* _HOW TO COMPLETE THIS TASK_
Only the lines running from the line with "原神片刻安宁任务怎么做" to the end of the listing below should be copied, exactly, without pictures.

* * * *

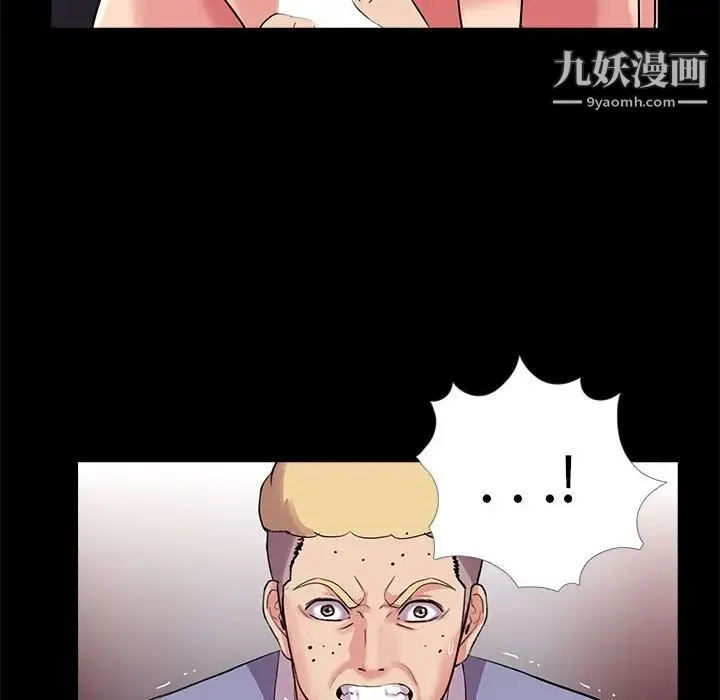 重新爱你 - 第24话 - page 65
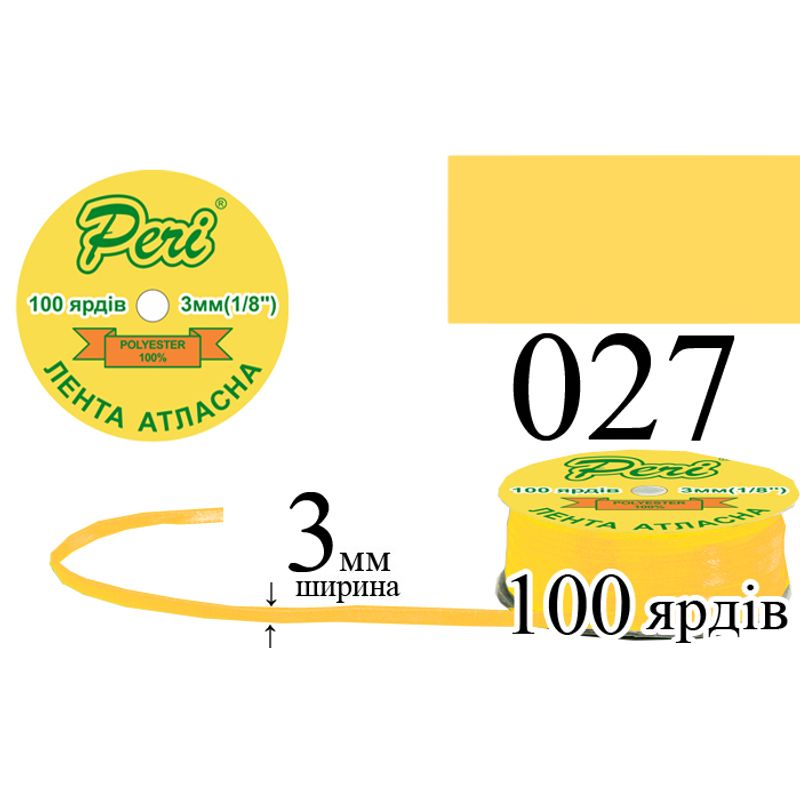 Стрічка атласна, поліестер, ширина 3 мм., довжина 100 ярдів, 5/200 котушок в ящику, колір 027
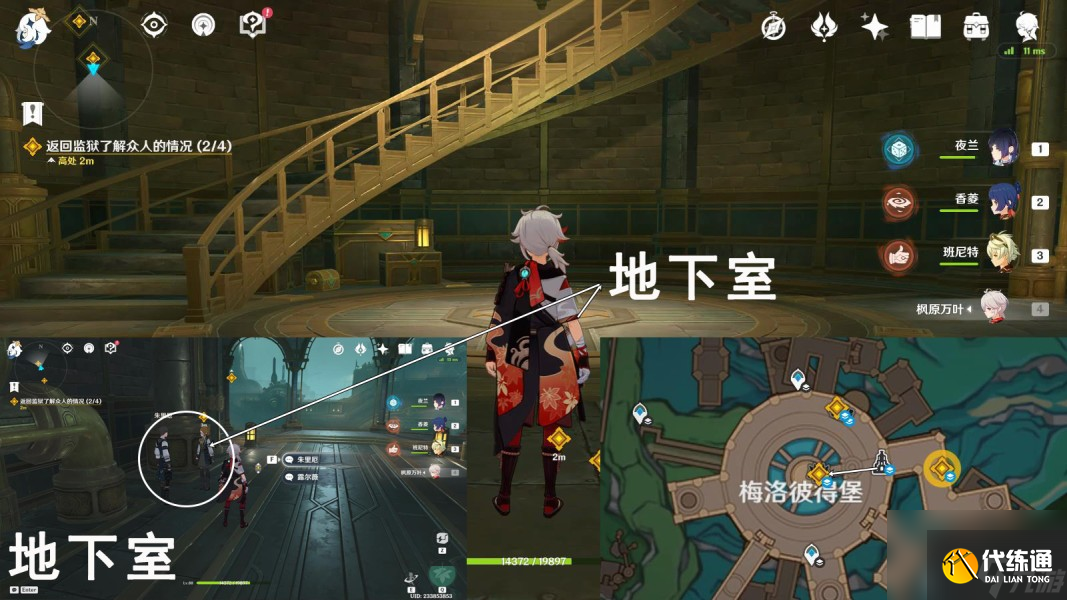 原神片刻安宁任务怎么做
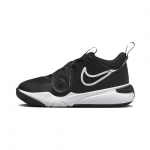 Nike Team Hustle D11 PS mustad valged laste tossud DV8994-002 28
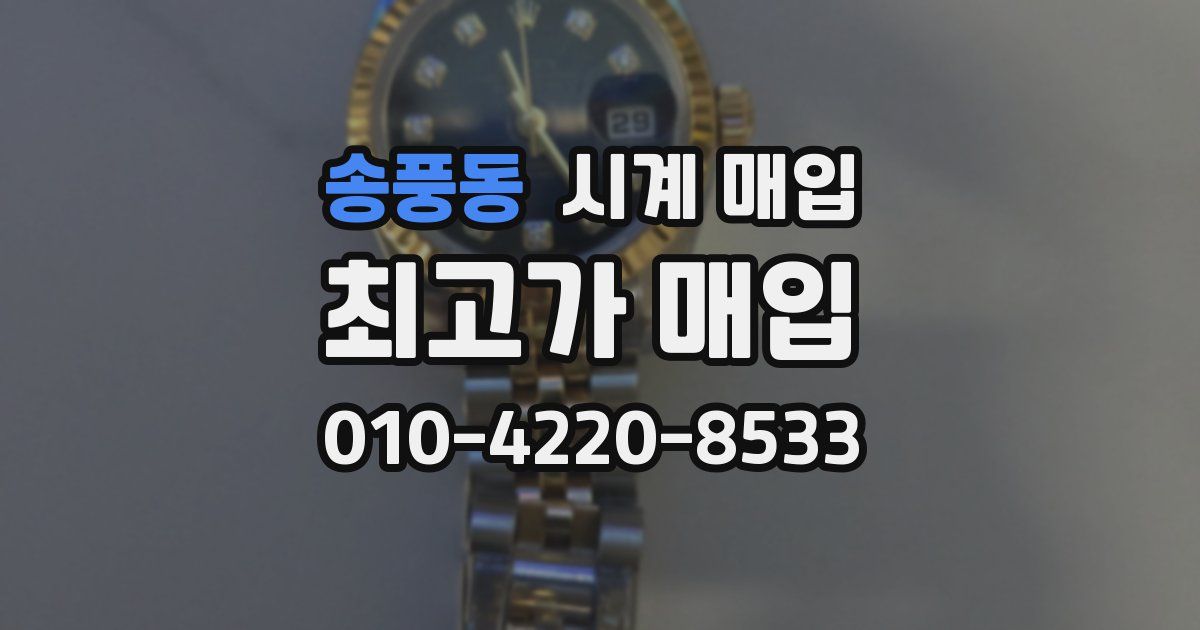 송풍동 시계 매입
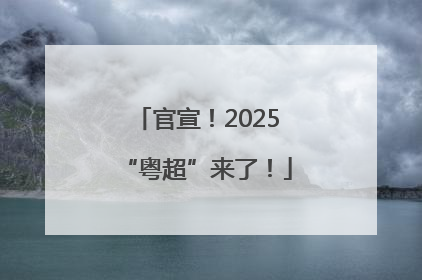 官宣！2025“粤超”来了！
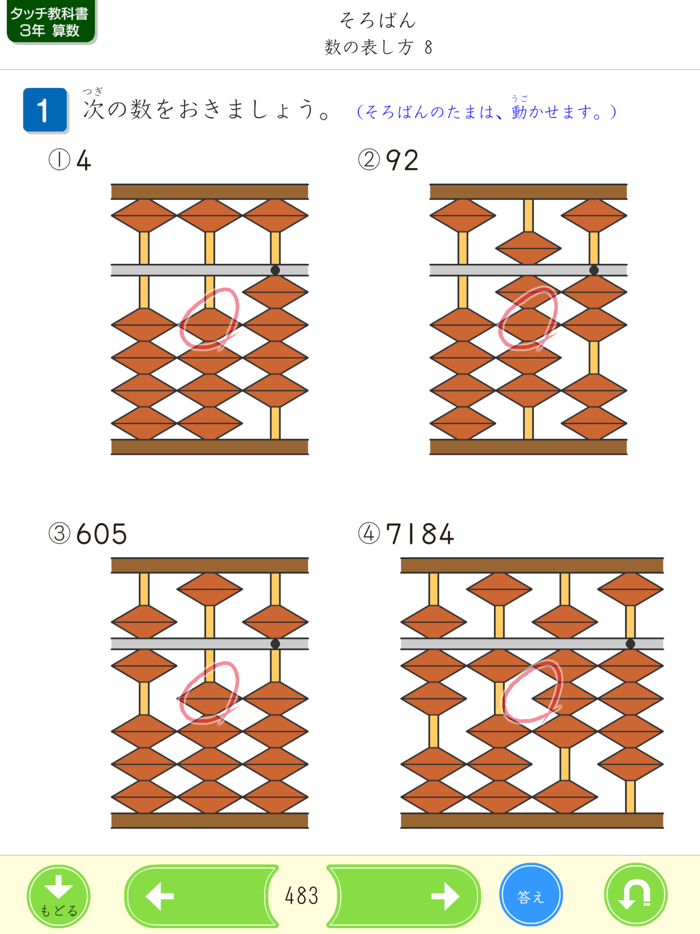 タッチ教科書 小学３年算数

* * * *

* _ANSWER SECTION_
 原神片刻安宁任务怎么做
 Nike Team Hustle D11 PS mustad valged laste tossud DV8994-002 28
 송풍동 시계 매입
 官宣！2025“粤超”来了！
 タッチ教科書 小学３年算数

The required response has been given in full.